# Planning to buy used car in dubai



## calysta (Apr 12, 2015)

Hi Guys i'm new in this forum  your reply is much appreciated

I'm planing to buy a used car here in dubai where can i get used car here in dubai other thant dubizzle. I want the honda civic either honda civic 2010. can you help me guys? my budget is 30k - 35k DHS.

and one thing dubizzle is good to get a used car?

thanks in advance!


----------



## FForwarder1985 (Apr 6, 2015)

Hi Calysta,

I am also looking for a car to buy. Dubizzle is the meeting point, all car dealers and private sellers (or many of them) announce their cars there.
So once you've found a car you like simply arrange a test with the buyer.


----------



## Stevesolar (Dec 21, 2012)

FForwarder1985 said:


> Hi Calysta,
> 
> I am also looking for a car to buy. Dubizzle is the meeting point, all car dealers and private sellers (or many of them) announce their cars there.
> So once you've found a car you like simply arrange a test with the buyer.
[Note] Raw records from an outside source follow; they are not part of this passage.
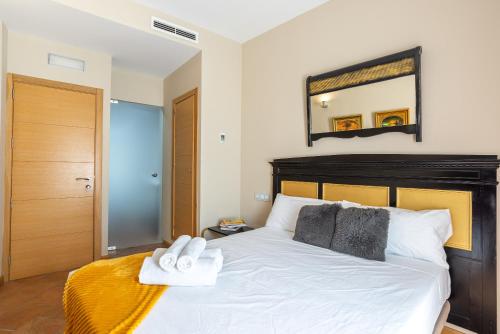 Katil atau katil-katil dalam bilik di Hotel Albaicín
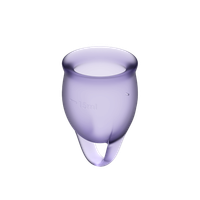 Satisfyer Feel Confident Menstrual Cup Set Lila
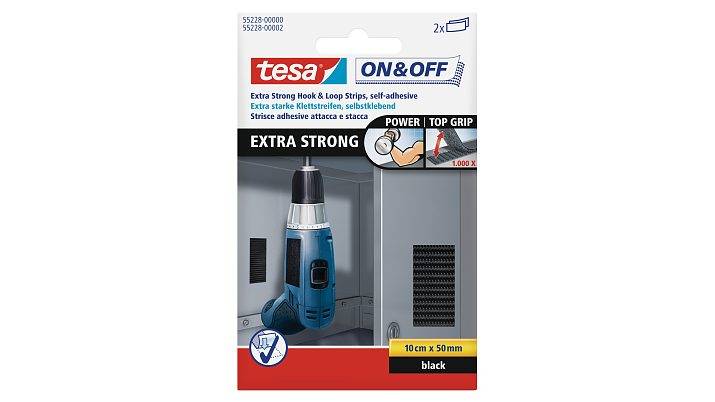 Tesa On & Off - Montagekleber - 5 x 10 cm - weiß (Packung mit 2)-1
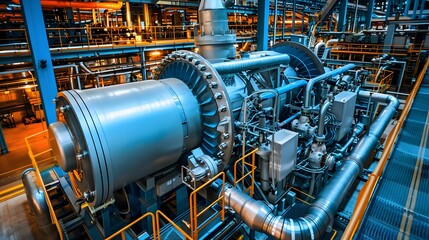 A detailed look at the lubrication system for turbines in a gas power plant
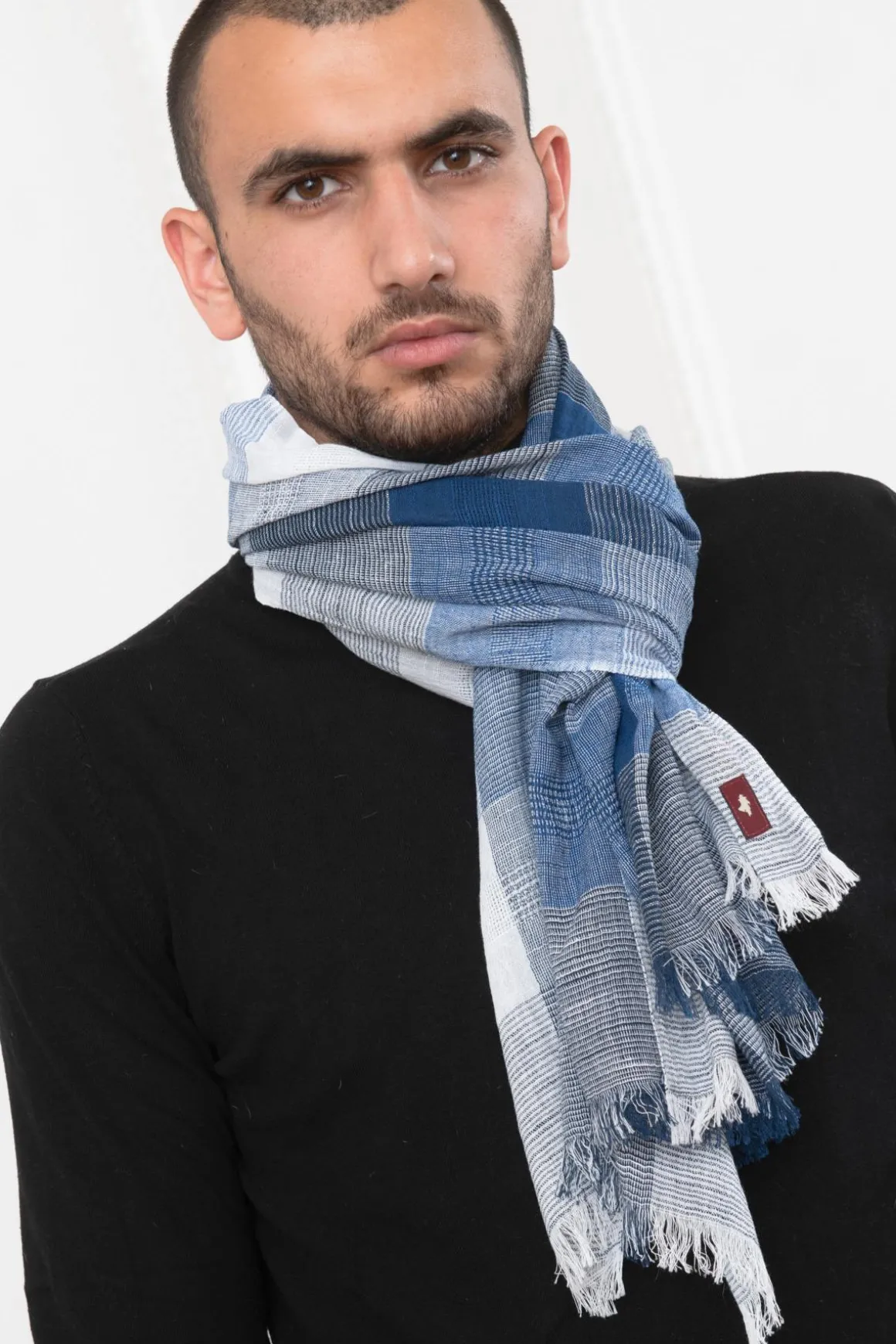 Echarpe Homme Mcs Eecha_C011 752 Marine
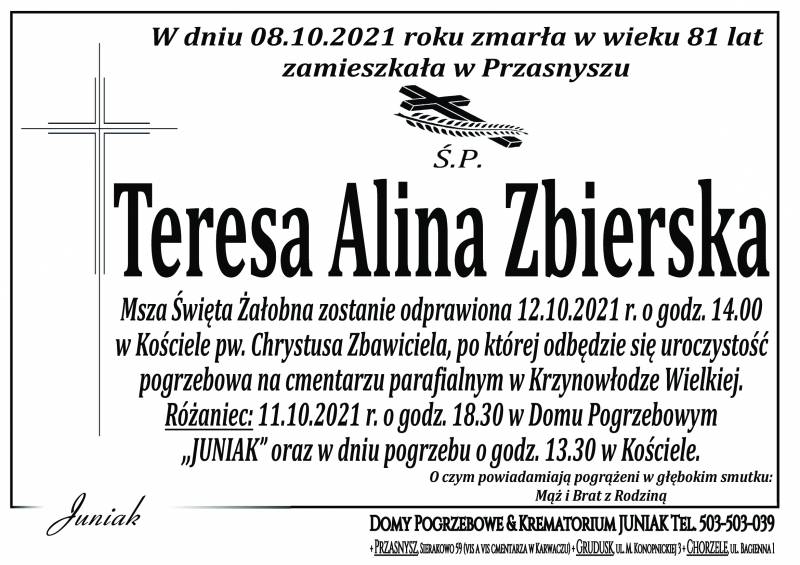 Teresa Alina Zbierska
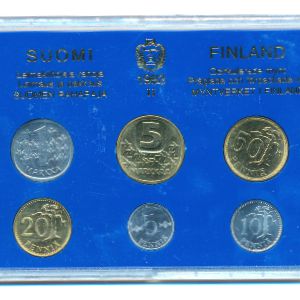 Finland, Набор монет, 1983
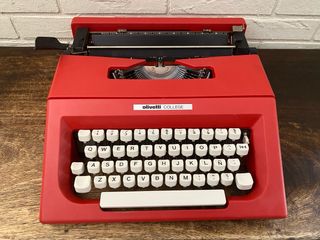 Olivetti College rossa vintage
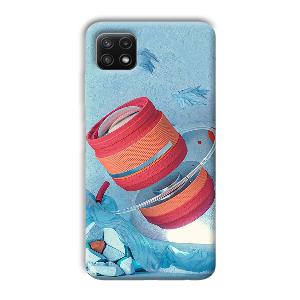 Blue Design Phone Customized Printed Back Cover for Samsung Galaxy A22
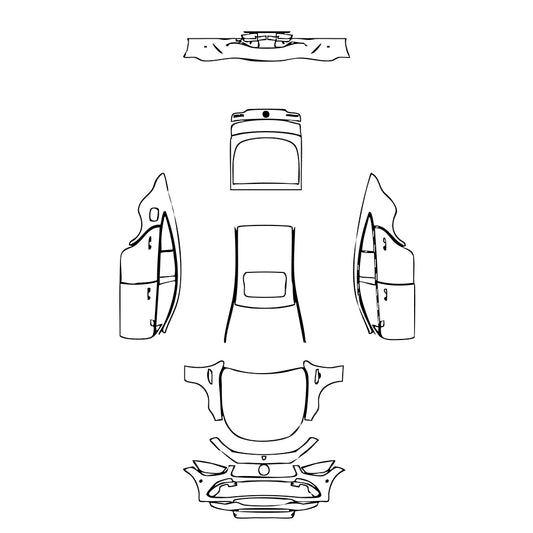 Pre-Cut PPF Mercedes-Benz AMG GT 4-Door 50 2022 - PPF-Kits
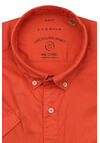 Produktbild fr 'ETERNA Slim Fit Hemd Halbarm Button Down Kragen blutorange'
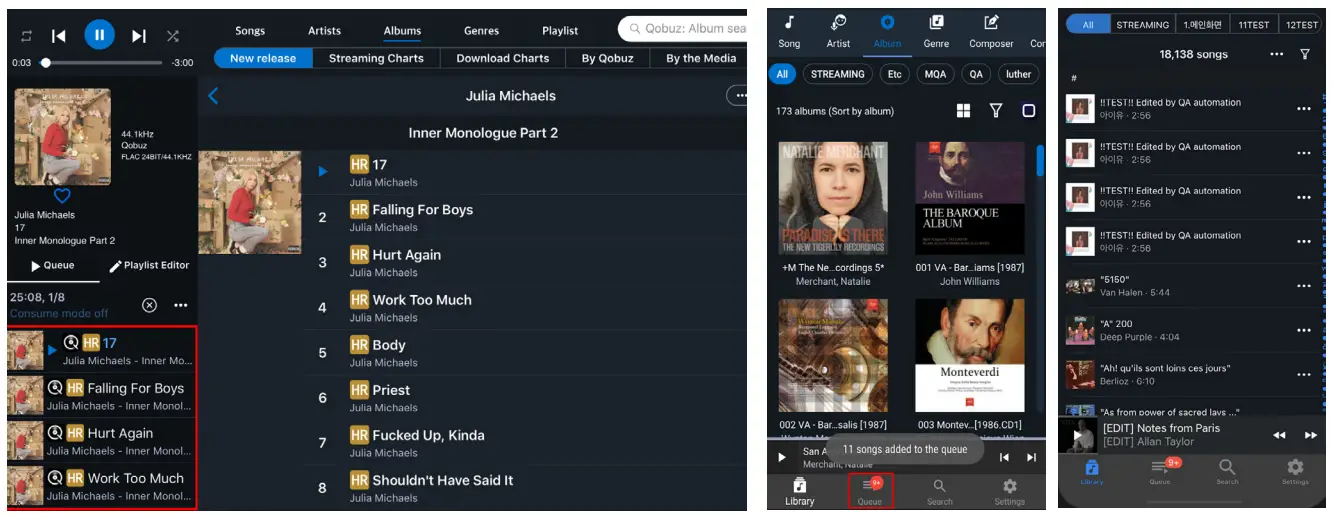 aurender N200 High Performance Netwerk Streamer - playback 1
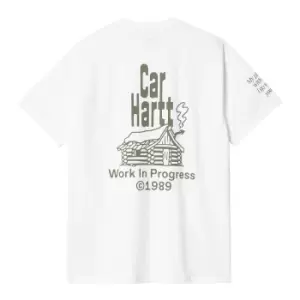 Carhartt Wip S/s Home T-Shirt, White / Dollar Green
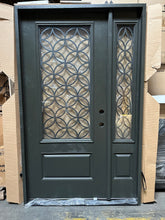 Load image into Gallery viewer, Entry Door Exterior Fiberglass with Sidelight 50x80 Price shown for Local Pick Up #68
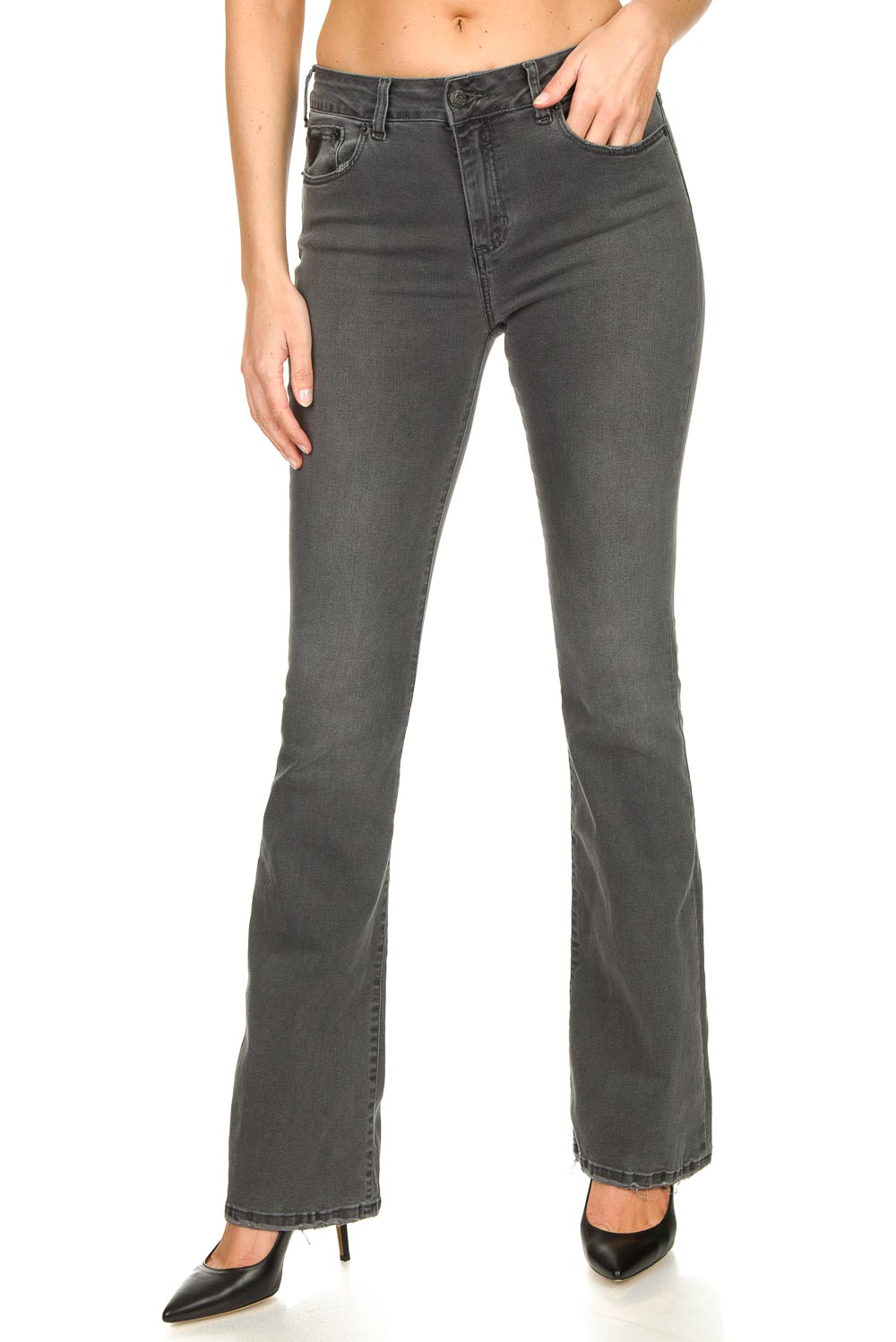 Low waist dames flared jeans | KLEDING.nl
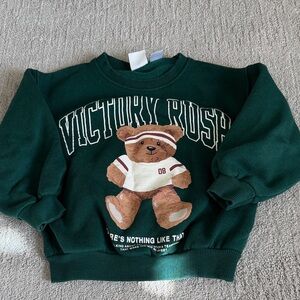 Zara Green Victory Rush Kids Sweatshirt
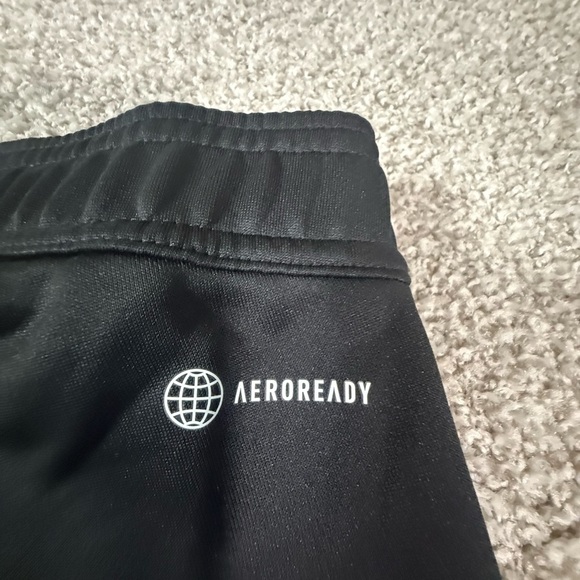 NWT Adidas Women’s Black White Aero ready Track Workout Pants – Size Small - Picture 4 of 9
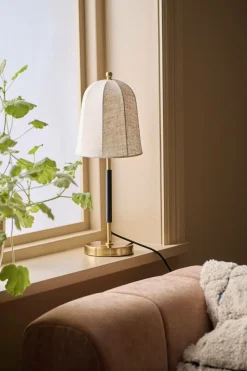 Ellos Home Bordlampe Bridget Brass/ Black New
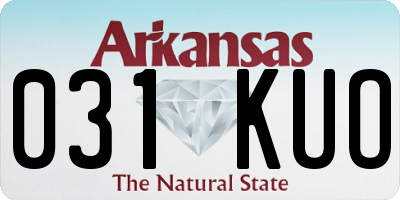 AR license plate 031KUO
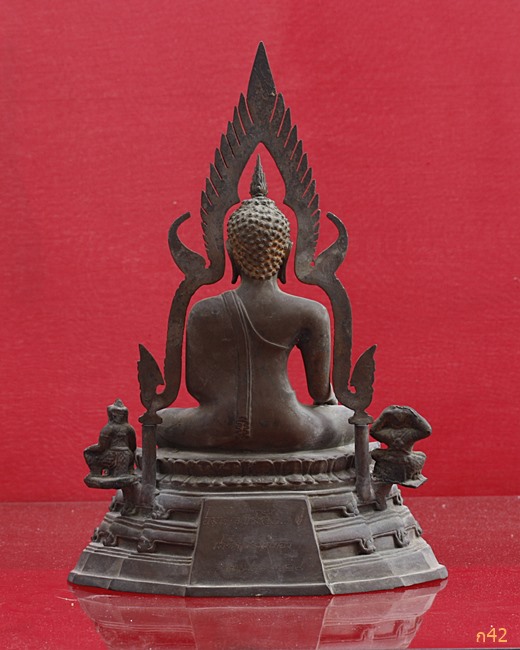 พระบูชาพระพุทธชินราช วัดเกาะศาลพระ จ.ราชบุรี ปี 2518 สมเด็จพระสังฆราชทรงเททอง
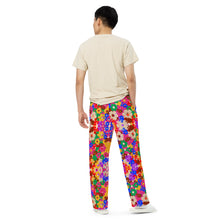 Load image into Gallery viewer, Flower Bomb unisex wide-leg pants
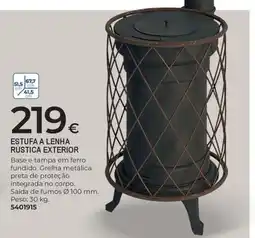 BigMat Estufa a lenha rústica exterior promoção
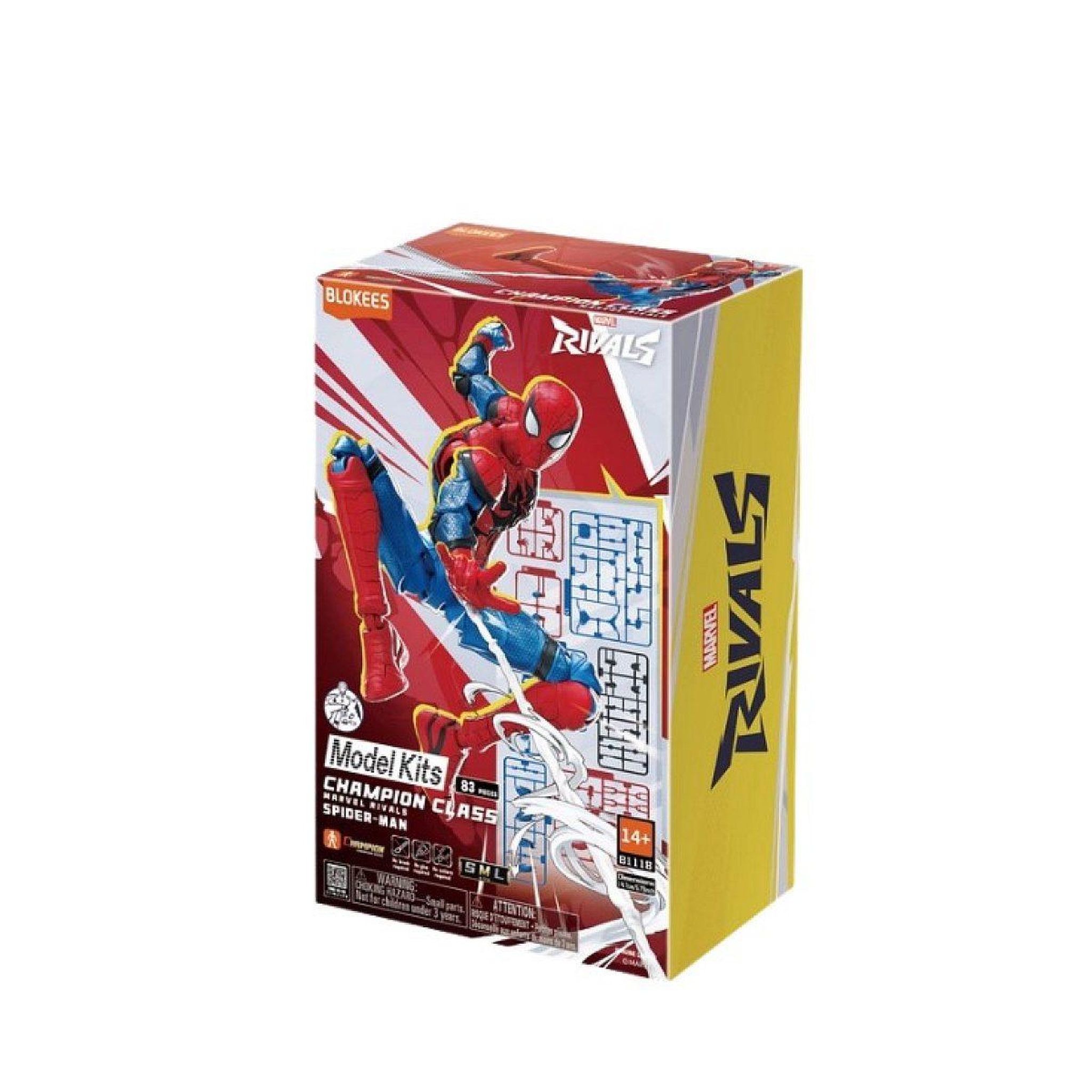BLOKEES Maquette spider-man marvel rivals champion class
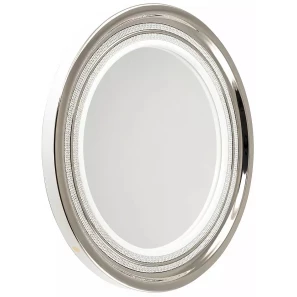 Изображение товара зеркало 69x69 см белый декор платина migliore dubai 28449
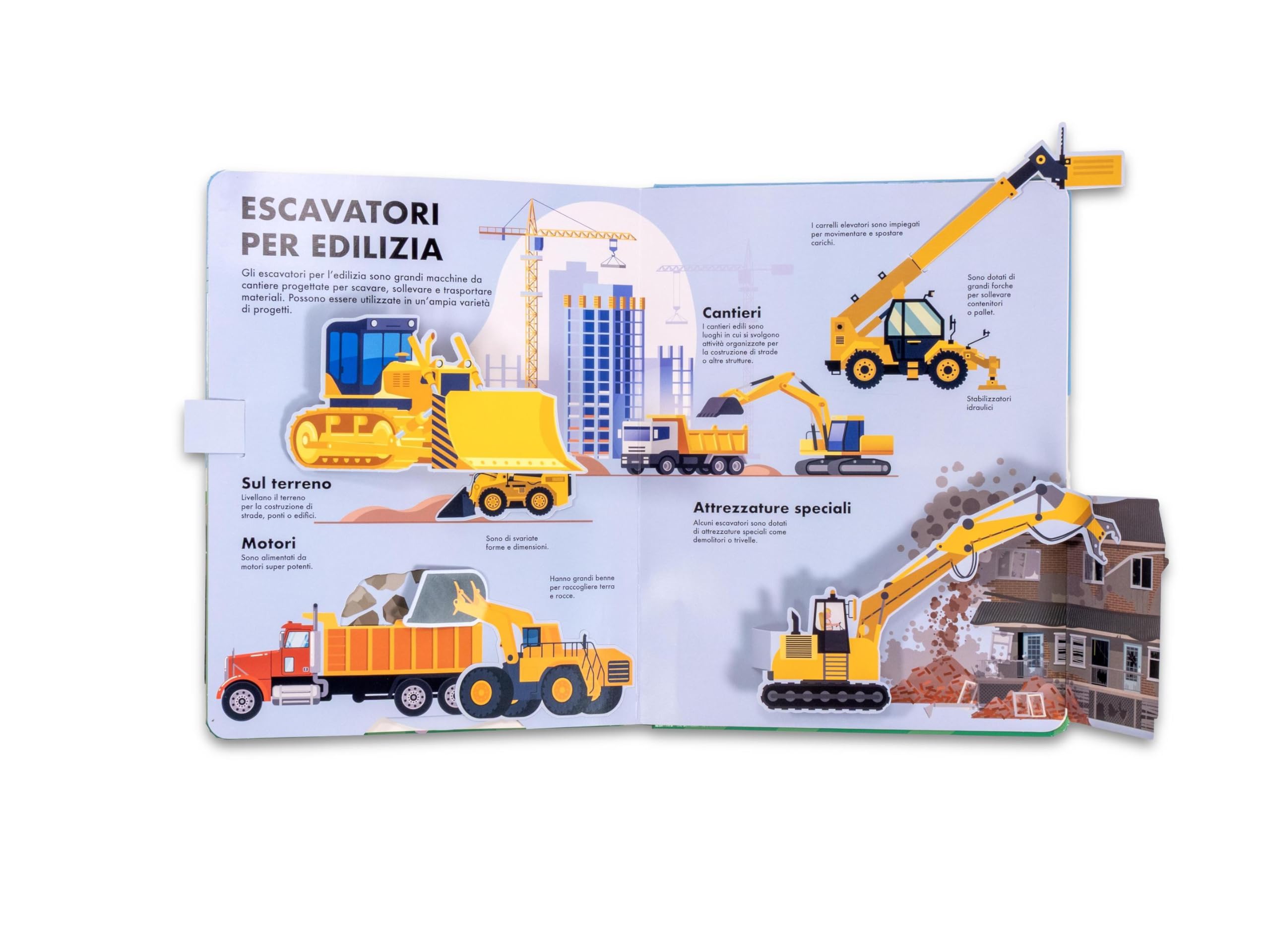 Trattori ed escavatori. Il libro dei flip-flap. Ediz. a colori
The above (especially last sentence) does not make any sense!
They are the buyer!!


----------



## calysta (Apr 12, 2015)

so the post from dubizzle is realible? or i just buy used car from agencies?

but anyways thanks for your reply


----------



## rsinner (Feb 3, 2009)

calysta said:


> so the post from dubizzle is realible? or i just buy used car from agencies?
> 
> but anyways thanks for your reply


As with anything second hand, buyer beware. So you may get a good car, or maybe someone pulls a fast one.
If you know nothing about cars, better to buy it from an agency (not always though). It would be more expensive, but you would have some peace of mind. Check out automalluae.com for Majid Al Futtaim dealership cars (which includes Honda amongst other things).


----------



## calysta (Apr 12, 2015)

Thank you rsinner!

Thank you everyone!


----------



## FForwarder1985 (Apr 6, 2015)

Stevesolar said:


> The above (especially last sentence) does not make any sense!
> They are the buyer!!


oh I meant the seller of course!


----------